*** Attorney General William P. Barr called on Apple to unlock two iPhones belonging to a member of the Saudi Royal Air Force accused of murdering three U.S. sailors and wounding eight others in at attack at Pensacola Naval Air Station. Second Lieutenant Mohammed Saeed Alshamrani was on a training course at the base when he went on a shooting spree, which Barr characterized as an act of terrorism.
The call to Apple to unlock the phones revives a debate on encryption between law enforcement and industry. The Justice Department has long held that manufacturers and app developers need to supply law enforcement with a means of bypassing encryption.
"This situation perfectly illustrates why it is critical that investigators be able to get access to digital evidence once they have obtained a court order based on probable cause," Barr said a Jan. 13 press conference.
*** A bill to pilot new technologies to protect the nation's pipelines and natural gas facilities from cyber threats would cost $64 million through 2024, according to a Congressional Budget Office estimate.

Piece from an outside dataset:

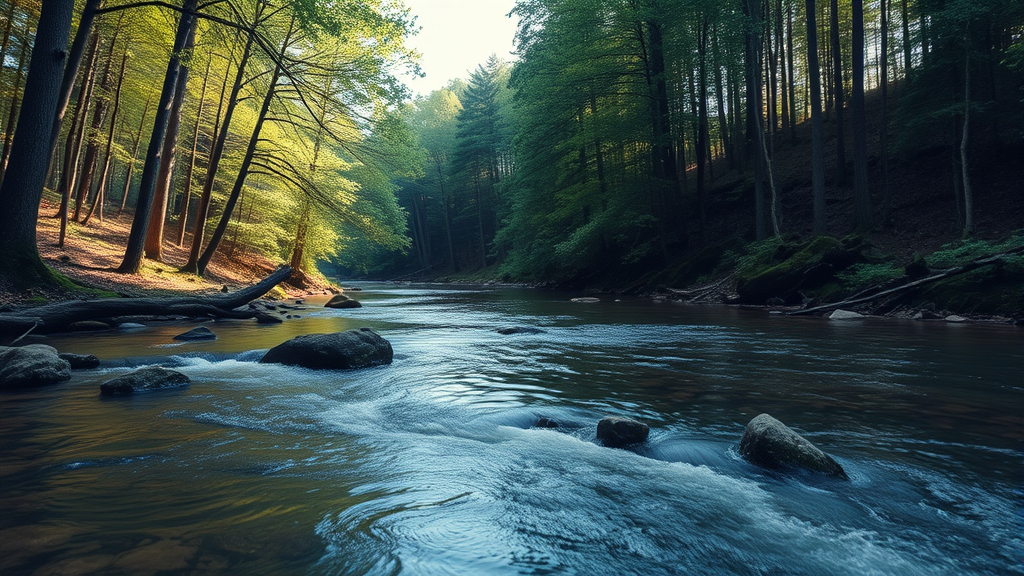 Gentle flowing river through serene forest representing life journey and natural balance no text no words no letters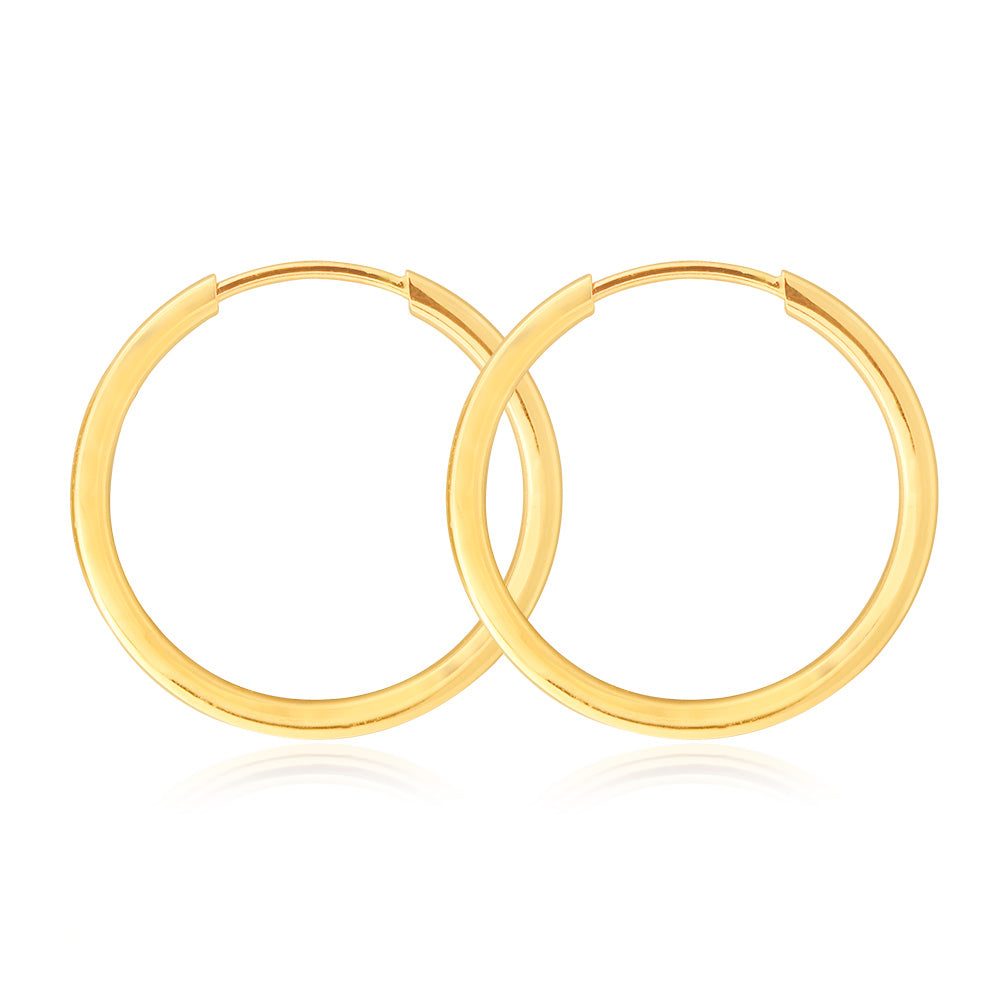 9ct Yellow Gold 16mm Plain Sleeper Earrings for Women - Hypoallergenic Cartilage Hoop Earrings for Everyday Wear & Gifting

The Pipeline and Liquid Natural Gas Facility Cybersecurity Preparedness Act would direct the Department of Energy to develop and test advanced cybersecurity technologies and establish curricula to help develop a physical security and cybersecurity workforce for the energy sector. According to the estimate, developing the physical infrastructure and technical tools needed to run the pilots would cost about $45 million, while the remaining $19 million would pay for 30 new employees to establish policies, procedures, workforce development curricula and coordinate response activities throughout the energy sector.
*** The Defense Innovation Unit is looking for a new capability to combine public, private and open source cyber threat data. The goal is to provide cross-cutting situational awareness, analysis and insight about malicious cyber activity. Submissions are being accepted through Jan. 17.